A região amazônica é rica em biodiversidade porém também está sob a ameaça constante de desequilíbrios ambientais. Um estudo de 1980 já falava da importância epidemiológica de morcegos hematófagos na região, já alertando que "concernente à prevenção da raiva humana é a criação acidental de micro-habitats para morcegos hematófagos na forma de áreas preservadas com abrigos adequados na colonização de regiões florestais onde a raiva silvestre é prevalente", e enfatizando as características ecológicas que podem favorecer a permanência destes nas áreas habitadas por humanos. A Reserva Extrativista da Comunidade Tapira do Rio Unini em Barcelos-AM talvez nem seja tão preservada assim e, para que os hematófagos optem por atacar pessoas, é bem possível que haja falta de alimento melhor para os morcegos, ou seja, pela falta de outras espécies animais os morcegos passaram a espoliar pessoas. Imagine a falta de estrutura de um local desses? Onde nem a saúde chegou oportunamente?!

Também não custa lembrar que ainda em 2017 as cidades de Salvador-BA e Recife-PE foram focos de raiva em morcegos hematófagos (que nem deveriam habitar áreas urbanas!! Veja o desequilíbrio ambiental!) e em Recife ocorreu um óbito humano devido à variante do vírus da raiva que circula em morcegos hematófagos (variante 3), porém transmitida por um gato. O gato havia entrado em contato com o morcego, foi infectado com o vírus da raiva e acabou transmitindo a doença para a pessoa através de mordedura. A pessoa não buscou atendimento oportunamente... Óbito.

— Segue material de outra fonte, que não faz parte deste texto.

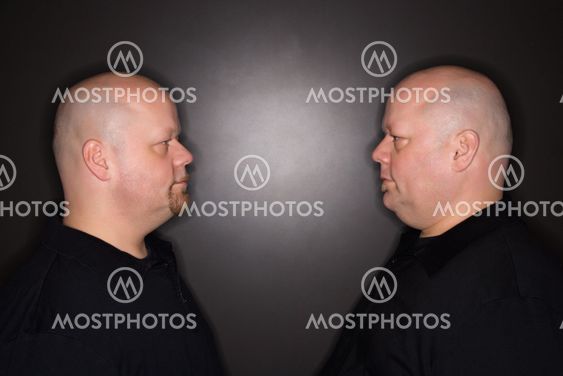 Twin men staring.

Mais lembranças de 2017, tivemos a modificação no protocolo da vacina antirrábica pós-exposição, que era de cinco doses e passou a ser de quatro. É óbvio que a justificativa são os "estudos recentes comprovando que quatro doses já são suficientemente protetoras", não precisa mais da quinta dose.  Nada disso tem a ver com o desabastecimento de vacinas e a crise na produção de imunobiológicos, incluindo soro antiofídico, soro antirrábico, vacina de febre amarela, vacina antirrábica... Não, nada tem a ver com isso! Até mesmo o novo protocolo da vacina de febre amarela, que era uma dose a cada 10 anos se tornou esta mesma dose para a vida toda! E em 2018 podemos fazer apenas 1/4 da dose que protegerá por 8 anos! Fantástico! Mas são os estudos recentes que indicam isso. Estamos seguros e podemos ficar tranquilos com os novos protocolos de imunização! E pensar que o Brasil já foi referência em imunização! Que saudade do PNI!

Lembrando também que 2017 foi o ano da "revolta" da sífilis, não só pela falta de cuidados e uso de preservativos pelas pessoas mas também pela falta de penicilina para tratar os pacientes! E o brasileiro segue não se protegendo, não se prevenindo e NÃO SE TRATANDO. Ou porque não sabe, ou porque NÃO TEM!

E assim segue nosso sistema nada preventivo, totalmente assistencial, com o perfil de "apagar incêndios" da saúde. São tantos os exemplos, como a raiva canina em Corumbá-MS, a febre amarela no Sudeste, a entrada do Zika e a explosão do Chikungunya... e tantos outros. Infelizmente isso deixa claro que nossos gestores estão mais preocupados com a "política" do que com o cidadão ou a gestão da saúde.

Guarde este rosto. Este é Mateus Castro antes da raiva. (Foto da reportagem do G1)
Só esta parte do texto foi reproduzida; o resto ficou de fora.